The fellowships represent the Schlumberger Foundation’s long-term investment in a community of highly qualified and recognized role models who are contributing to narrowing the gender gap in STEM disciplines by inspiring more women to study science. Fellowships are awarded based on the applicant’s academic ability, leadership qualities and engagement in outreach activities towards underserved communities with STEM as a development instrument in their home countries. Fellowship recipients have all achieved academic excellence throughout their studies, often despite considerable challenges and traditional barriers to education.
About Faculty for the Future
The program’s long-term goal is to generate conditions that result in more women pursuing scientific careers by lowering the barriers women face when entering STEM disciplines, thus reducing the gender gap. Faculty for the Future Fellows are expected to return to their home countries after completion of their studies to contribute to economic, social and technological advancement by strengthening the STEM teaching and research faculties of their home institutions, and to pursue positions in the public sector where their newly acquired technical and scientific skills can help provide evidence-based support for STEM policy making. In so doing, they become powerful role models and help to inspire other girls and women to pursue scientific careers.

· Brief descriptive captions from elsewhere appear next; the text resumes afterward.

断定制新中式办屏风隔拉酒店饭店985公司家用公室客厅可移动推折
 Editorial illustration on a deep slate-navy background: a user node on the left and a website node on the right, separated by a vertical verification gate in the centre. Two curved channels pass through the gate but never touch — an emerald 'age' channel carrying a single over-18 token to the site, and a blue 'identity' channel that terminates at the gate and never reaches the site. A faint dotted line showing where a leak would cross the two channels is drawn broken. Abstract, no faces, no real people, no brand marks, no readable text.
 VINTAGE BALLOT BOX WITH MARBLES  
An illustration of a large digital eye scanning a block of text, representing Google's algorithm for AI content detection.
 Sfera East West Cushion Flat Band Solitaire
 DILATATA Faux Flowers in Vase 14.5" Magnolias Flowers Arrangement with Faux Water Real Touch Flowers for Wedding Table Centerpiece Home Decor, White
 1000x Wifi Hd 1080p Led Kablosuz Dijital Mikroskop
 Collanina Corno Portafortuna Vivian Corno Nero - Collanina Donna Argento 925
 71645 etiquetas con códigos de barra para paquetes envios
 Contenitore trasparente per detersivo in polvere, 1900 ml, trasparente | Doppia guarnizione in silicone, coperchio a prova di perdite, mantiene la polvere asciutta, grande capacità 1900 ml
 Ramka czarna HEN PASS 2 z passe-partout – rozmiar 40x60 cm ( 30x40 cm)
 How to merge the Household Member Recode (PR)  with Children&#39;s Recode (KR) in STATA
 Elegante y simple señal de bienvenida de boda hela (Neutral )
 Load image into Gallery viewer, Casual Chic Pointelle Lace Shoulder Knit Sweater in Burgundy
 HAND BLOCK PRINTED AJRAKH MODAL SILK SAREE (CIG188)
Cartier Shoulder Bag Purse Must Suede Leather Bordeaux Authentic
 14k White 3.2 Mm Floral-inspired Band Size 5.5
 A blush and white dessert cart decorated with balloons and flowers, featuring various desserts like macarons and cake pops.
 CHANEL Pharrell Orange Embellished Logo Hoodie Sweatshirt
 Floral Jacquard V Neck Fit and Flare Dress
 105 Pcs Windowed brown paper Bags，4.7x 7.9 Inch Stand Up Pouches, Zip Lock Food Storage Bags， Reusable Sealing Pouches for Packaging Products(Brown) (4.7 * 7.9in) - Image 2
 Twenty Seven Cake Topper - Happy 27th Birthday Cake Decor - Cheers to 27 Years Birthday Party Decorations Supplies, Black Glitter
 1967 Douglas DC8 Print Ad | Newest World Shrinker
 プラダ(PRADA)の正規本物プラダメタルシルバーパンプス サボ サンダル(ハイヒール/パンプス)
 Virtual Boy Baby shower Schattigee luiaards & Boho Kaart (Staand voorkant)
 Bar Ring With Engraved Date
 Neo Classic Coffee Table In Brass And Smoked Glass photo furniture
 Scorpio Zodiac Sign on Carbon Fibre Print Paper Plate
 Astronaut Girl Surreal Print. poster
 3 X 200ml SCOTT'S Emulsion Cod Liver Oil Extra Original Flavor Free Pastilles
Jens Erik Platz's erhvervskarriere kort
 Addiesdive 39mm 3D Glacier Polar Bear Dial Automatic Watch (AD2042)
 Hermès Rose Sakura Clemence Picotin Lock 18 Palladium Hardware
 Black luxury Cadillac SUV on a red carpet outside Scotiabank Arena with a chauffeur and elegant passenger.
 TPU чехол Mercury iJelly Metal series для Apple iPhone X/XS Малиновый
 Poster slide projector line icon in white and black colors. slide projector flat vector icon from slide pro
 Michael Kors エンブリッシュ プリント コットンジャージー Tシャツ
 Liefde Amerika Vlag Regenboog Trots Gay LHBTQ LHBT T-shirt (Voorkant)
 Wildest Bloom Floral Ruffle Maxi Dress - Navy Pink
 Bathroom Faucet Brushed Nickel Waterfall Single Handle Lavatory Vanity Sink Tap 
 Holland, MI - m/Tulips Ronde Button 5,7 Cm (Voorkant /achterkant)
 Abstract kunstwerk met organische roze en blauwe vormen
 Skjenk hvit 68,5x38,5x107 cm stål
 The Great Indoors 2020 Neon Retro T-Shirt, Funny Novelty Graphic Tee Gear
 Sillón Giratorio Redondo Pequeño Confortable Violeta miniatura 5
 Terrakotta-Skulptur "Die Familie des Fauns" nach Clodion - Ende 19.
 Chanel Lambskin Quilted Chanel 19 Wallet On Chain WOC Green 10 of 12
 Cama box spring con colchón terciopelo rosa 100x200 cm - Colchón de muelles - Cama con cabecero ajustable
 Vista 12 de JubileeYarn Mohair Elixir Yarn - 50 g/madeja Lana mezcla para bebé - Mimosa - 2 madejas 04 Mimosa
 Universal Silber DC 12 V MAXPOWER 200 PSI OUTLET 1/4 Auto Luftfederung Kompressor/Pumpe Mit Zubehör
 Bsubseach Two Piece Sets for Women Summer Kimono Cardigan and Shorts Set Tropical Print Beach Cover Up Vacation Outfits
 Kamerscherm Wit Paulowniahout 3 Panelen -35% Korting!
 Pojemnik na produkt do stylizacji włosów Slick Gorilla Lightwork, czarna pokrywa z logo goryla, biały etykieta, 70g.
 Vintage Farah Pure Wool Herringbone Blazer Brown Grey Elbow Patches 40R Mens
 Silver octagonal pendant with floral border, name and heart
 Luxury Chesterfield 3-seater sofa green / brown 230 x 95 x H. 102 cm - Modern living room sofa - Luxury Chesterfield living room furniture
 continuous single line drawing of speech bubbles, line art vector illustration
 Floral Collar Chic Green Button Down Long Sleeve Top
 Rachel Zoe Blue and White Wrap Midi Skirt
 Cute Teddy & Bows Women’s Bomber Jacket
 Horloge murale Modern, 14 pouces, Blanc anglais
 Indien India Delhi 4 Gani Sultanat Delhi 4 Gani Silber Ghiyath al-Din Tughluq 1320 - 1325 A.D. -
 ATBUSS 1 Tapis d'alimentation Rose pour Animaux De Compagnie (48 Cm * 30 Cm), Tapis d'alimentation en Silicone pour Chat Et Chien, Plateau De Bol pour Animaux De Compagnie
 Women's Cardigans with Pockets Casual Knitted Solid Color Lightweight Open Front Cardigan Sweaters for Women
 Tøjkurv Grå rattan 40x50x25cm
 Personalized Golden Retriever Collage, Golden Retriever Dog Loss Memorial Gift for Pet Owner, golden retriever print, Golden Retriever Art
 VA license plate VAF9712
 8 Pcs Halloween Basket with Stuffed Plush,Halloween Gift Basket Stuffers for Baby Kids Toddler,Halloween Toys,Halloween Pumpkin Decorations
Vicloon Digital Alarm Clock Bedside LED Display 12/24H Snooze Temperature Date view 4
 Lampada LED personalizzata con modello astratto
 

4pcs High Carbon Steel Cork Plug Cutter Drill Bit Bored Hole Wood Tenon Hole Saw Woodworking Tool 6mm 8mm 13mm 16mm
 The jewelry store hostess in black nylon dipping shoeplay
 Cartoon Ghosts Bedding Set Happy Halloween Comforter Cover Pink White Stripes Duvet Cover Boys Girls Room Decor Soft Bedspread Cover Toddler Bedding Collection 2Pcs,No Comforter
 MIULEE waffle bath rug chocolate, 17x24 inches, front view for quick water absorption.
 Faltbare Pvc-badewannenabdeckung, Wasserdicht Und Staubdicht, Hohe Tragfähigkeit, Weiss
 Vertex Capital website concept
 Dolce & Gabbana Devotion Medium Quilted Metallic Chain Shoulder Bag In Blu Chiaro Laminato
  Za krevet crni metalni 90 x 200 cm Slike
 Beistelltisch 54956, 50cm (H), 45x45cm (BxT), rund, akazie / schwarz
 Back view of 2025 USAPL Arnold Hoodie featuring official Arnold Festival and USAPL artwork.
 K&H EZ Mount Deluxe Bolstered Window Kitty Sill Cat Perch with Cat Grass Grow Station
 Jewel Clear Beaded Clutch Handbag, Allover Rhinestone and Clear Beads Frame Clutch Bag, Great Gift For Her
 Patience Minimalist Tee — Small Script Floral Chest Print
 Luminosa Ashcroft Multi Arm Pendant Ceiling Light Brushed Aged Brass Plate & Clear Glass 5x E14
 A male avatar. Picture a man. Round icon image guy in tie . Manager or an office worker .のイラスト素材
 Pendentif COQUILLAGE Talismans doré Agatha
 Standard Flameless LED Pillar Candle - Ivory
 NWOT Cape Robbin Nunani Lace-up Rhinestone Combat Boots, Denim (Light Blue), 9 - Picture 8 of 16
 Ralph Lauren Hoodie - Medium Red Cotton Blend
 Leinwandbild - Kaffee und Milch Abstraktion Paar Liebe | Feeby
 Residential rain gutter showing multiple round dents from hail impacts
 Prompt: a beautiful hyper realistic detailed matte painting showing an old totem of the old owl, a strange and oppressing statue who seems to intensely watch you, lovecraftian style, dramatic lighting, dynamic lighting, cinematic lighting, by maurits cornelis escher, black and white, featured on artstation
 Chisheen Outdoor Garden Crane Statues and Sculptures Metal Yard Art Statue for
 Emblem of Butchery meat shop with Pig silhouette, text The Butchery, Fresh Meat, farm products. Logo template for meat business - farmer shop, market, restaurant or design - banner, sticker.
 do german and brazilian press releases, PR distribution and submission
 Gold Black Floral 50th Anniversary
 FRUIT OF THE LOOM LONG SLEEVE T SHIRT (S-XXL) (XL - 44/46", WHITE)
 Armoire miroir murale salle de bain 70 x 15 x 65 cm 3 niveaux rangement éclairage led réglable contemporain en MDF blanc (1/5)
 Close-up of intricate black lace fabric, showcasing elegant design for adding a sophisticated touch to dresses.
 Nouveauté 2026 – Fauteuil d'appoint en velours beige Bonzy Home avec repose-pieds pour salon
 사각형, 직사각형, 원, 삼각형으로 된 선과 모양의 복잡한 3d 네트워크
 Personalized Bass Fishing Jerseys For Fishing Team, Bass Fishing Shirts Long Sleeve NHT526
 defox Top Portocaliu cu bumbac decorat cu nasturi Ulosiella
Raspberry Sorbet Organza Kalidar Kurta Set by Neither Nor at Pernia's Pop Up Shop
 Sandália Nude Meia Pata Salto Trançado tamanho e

Since its launch in 2004, 683 women from 81 developing and emerging countries have received Faculty for the Future fellowships to pursue PhD and Post-Doctorate study in STEM. The program also helps build a community for the Fellows through Forums, both online and in person.
About the Schlumberger Foundation
The Schlumberger Foundation is a nonprofit organization that supports science and technology education. Recognizing the link between science, technology, and socio-economic development, as well as the key role of education in realizing individual potential, the Schlumberger Foundation flagship program is Faculty for the Future.